Windows Server Hyper-V clusters are built on top of Windows Server Failover Clusters which provides the underlying mechanism for high availability and resource distribution for Hyper-V. Windows Failover Clustering is able to protect production workloads running on top of multiple hosts by utilizing a special means for establishing node majority in the Windows Failover Cluster, called quorum.
Table of Contents
- What is Windows Server Failover Split Brain?
- Windows Server Failover Cluster Quorum
- New Windows Server Failover Cluster Quorum Capabilities
- Configuring Windows Server Failover Cluster Quorum
- Concluding Thoughts
In this post, we will take a look at Windows Server Failover Clustering Quorum and how it relates to the Hyper-V.
- What is Quorum?
- How does it protect Windows Failover Cluster resources?
- How might this look in a Windows Server Failover Cluster running Hyper-V?
What is Windows Server Failover Split Brain?
In a Windows Server Failover Cluster configuration, you want your clusters to be protected against a “split-brain” scenario.
What is split-brain?
Split-brain as you might discern is a situation that can develop with members of a cluster configuration where more than one node thinks it is in control of cluster resources when only one of those nodes should be in control of that resource.
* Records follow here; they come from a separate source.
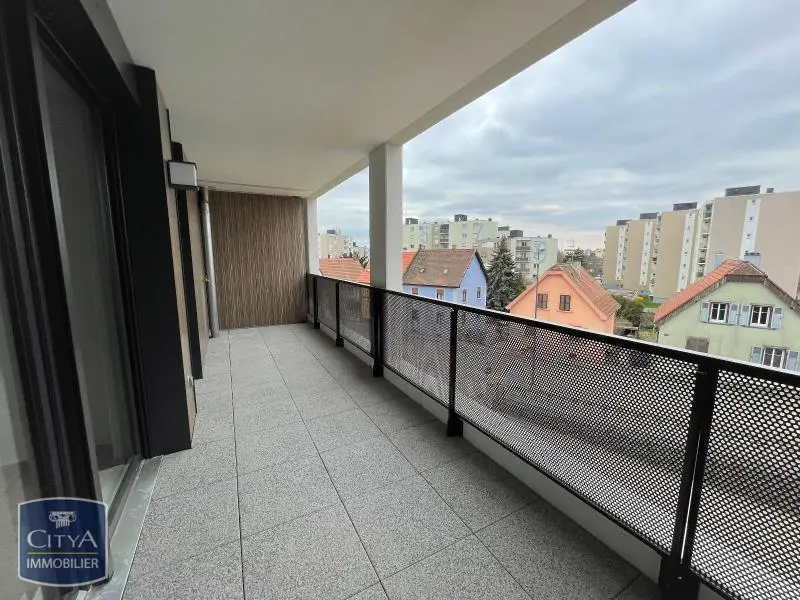 Photo 1 Appartement 2 pièces 44.5m²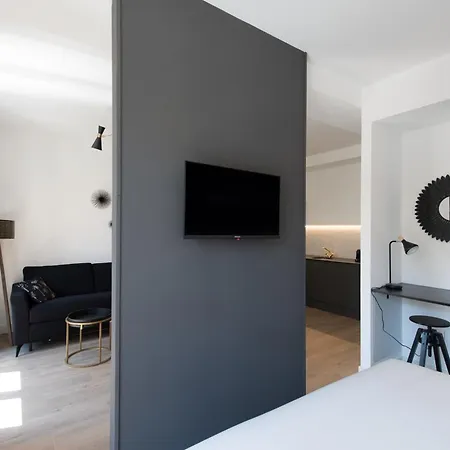 Aparthotel Santa Catalina Gijón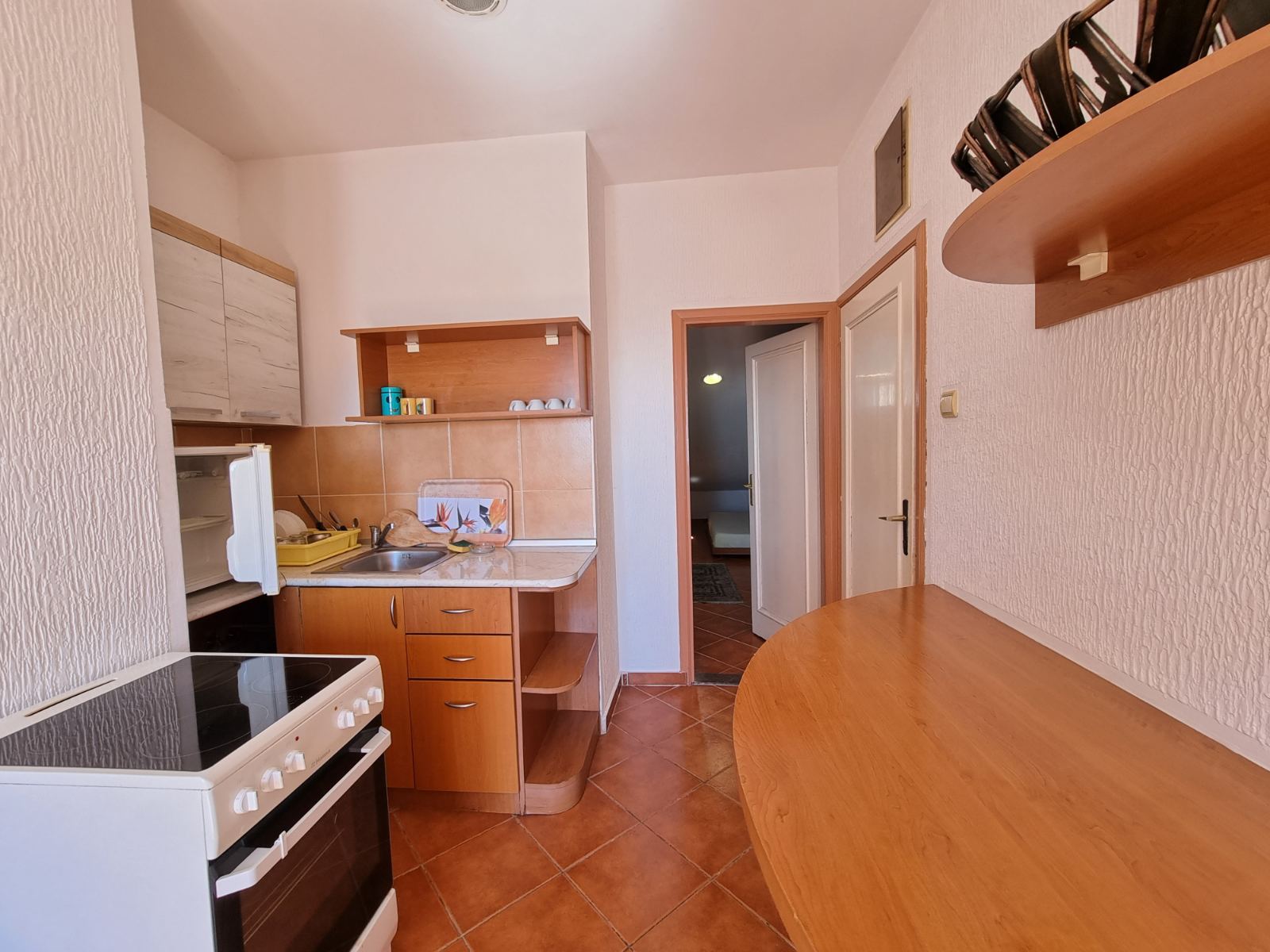 amforaproperty.com/Dvosoban stan 93 m2 sa pogledom na more,na fenomenalnoj lokaciji, Budva.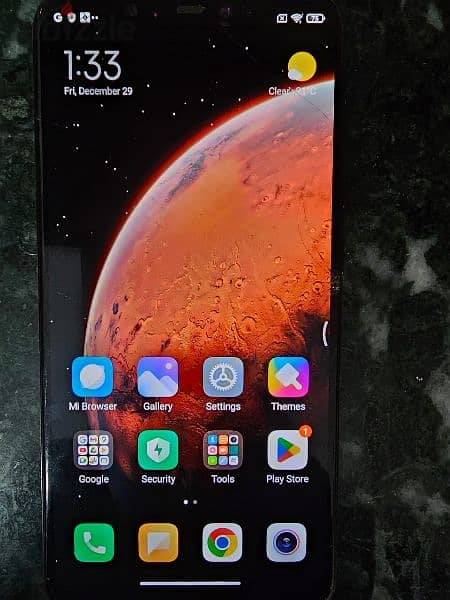 Xiaomi mi 8 شاومي مي ٨ 1
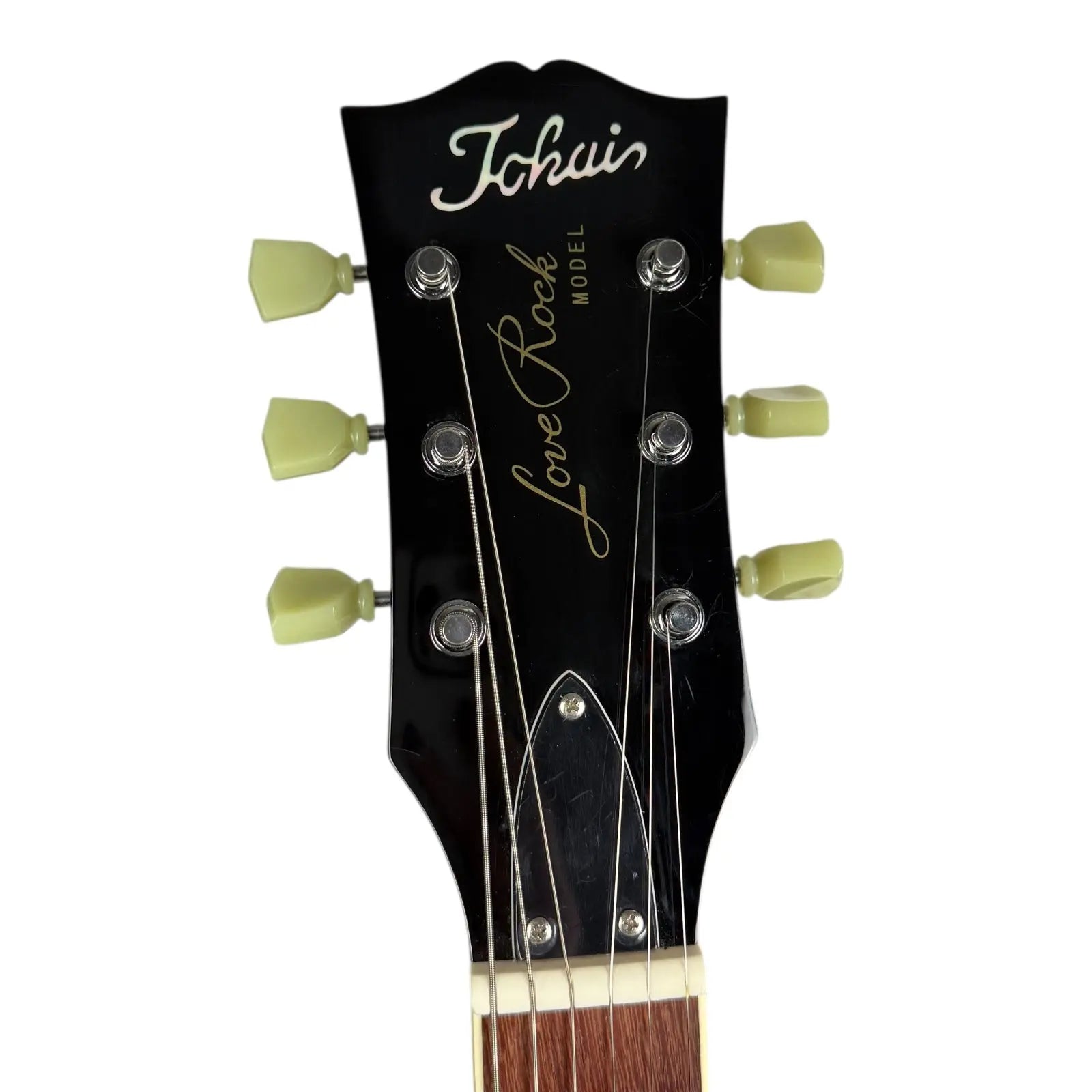 Tokai Love Rock ALS94T Les Paul 2023 - Goldtop Tokai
This can happen when there is a “partitioned” cluster. This can be due to cluster nodes becoming separated from one another generally due to a network connectivity issue. Each of the Windows Server Failover Cluster hosts in a network partitioned state are not able to communicate with one another and each may assume the other host has failed it needs to take control of resources.
As you can imagine, this could lead to many issues related to two hosts fighting over shared resources. The resources in question are virtual machines. Fortunately, in most situations, only one host will be able to gain access to a virtual machine disk. However, split-brain can lead to all kinds of failover and failback scenarios that can lead to resources flapping up and down. Below, you can see both hosts cannot see each other. Each Hyper-V host will assume the other has failed and attempt to assume ownership of virtual machine resources.
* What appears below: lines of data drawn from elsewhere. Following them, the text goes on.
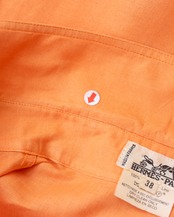 〈Hermès〉Linen Shirt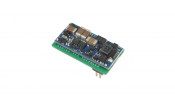 ESU 58914  LokSound 5 Nano DCC   Leerdecoder  , PluX16, Retail, mit Lautsprecher 11x15mm, Spurweite: N, TT, H0 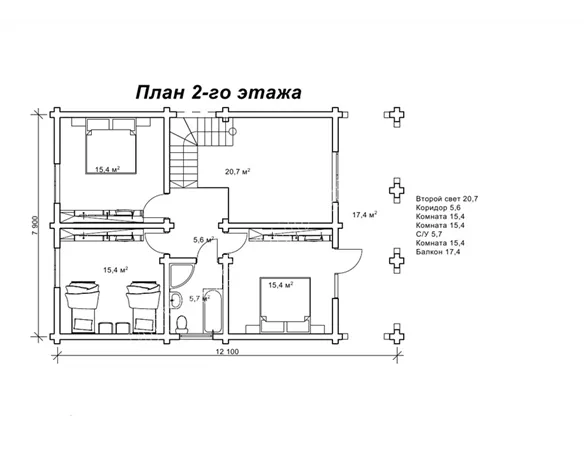 Сальвадор №7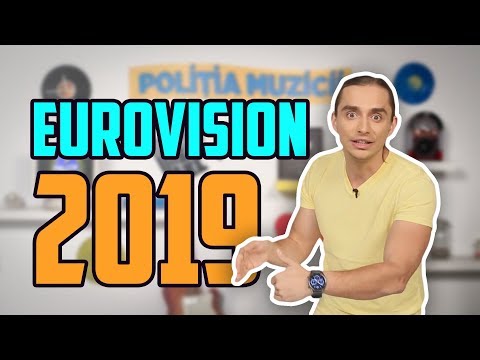 Politia Muzicii: EUROVISION 2019, Stefania - Gospodiva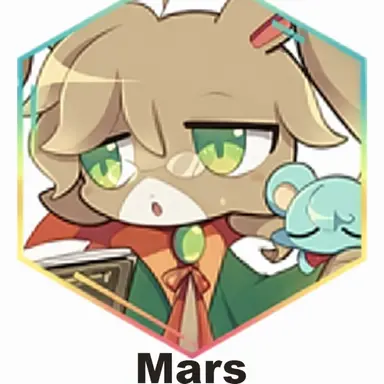 Profile image of Mars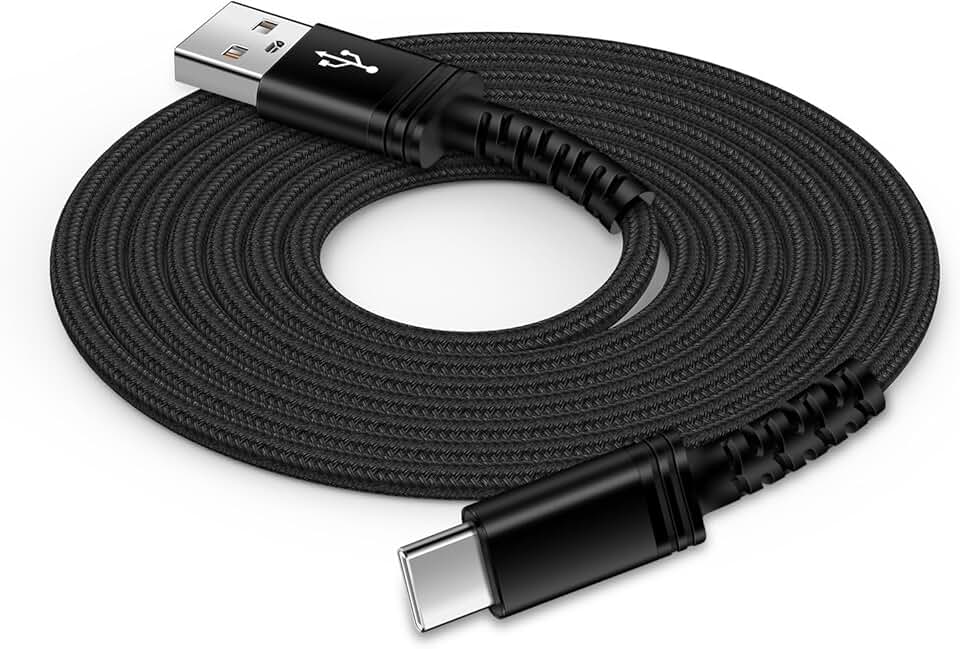 Fast Charging USB-C Cable for Smartphones and Devices
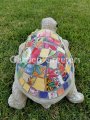 picture of Large Mosaic Turtle Statue Turtle Mosaic Turtle Decor
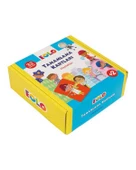 Eolo Tamamlama Kartları Meslekler 32 Parça - 2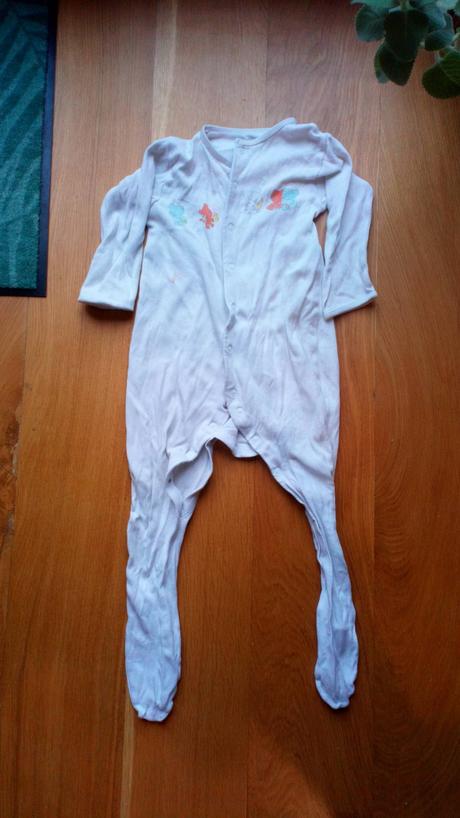 Spací overal, mothercare,92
Windows Server Failover Cluster Quorum
To resolve the Windows Server Failover Cluster split-brain scenario, Microsoft has introduced a mechanism called Quorum which allows Windows Server Failover Clusters to resolve the potential issue of an “even vote” among Cluster nodes.
How does Quorum resolve these issues?
In terms of human group functions, quorum is defined as the “minimum number of members of an assembly or society that must be present at any of its meetings to make the proceedings of that meeting valid”. In the same sense, Windows Server Failover Clusters hosting the Hyper-V role, the cluster nodes serve the role of serving out highly available virtual machines that are not subject to the potential split-brain scenario.
A common misconception about cluster quorum is that a cluster will stop running if too many failures occur to prevent the remaining nodes from taking on more workloads than the remaining number of nodes are able to host, leaving them overcommitted. In fact, the cluster does not take capacity limitations into consideration when determining the operational state of the cluster.
As mentioned earlier, quorum is designed to overcome situations where there are network communication issues between sets of cluster nodes that two servers, do not try to host resources and perform disk I/O writes to the same disk at a time. This can lead to corruption. Quorum is in place to ensure there is only one owner of a particular resource at a time. Having quorum is based on a majority of voters in a Windows Failover Cluster. This is accomplished with a voting algorithm where more than half of the voters must be online and able to communicate with one another.
There are a number of ways of quorum being determined in a Windows Server Failover Cluster configuration. The oldest traditional mechanism was to have a single disk witness that allowed determining quorum. As long as a Windows Server Failover Cluster node is able to reach this witness disk, it is able to remain online. However, this method of determining quorum is no longer recommended as it is a single point of failure. If the witness disk goes offline, then all nodes no longer have quorum and are forced offline.
The more common and recommended quorum mechanism involves utilizing node majority. Node majority as you might have already discerned, is determined by each node in the cluster being able to see and communicate with a majority number of nodes, including itself, out of the total number of nodes in the cluster, it can remain online. This is accomplished by having an odd number of hosts in the Windows Server Failover Cluster. Clusters that have an even number of nodes in the cluster, can also make use of a disk or file share witness that can serve as a tiebreaker for the node majority set.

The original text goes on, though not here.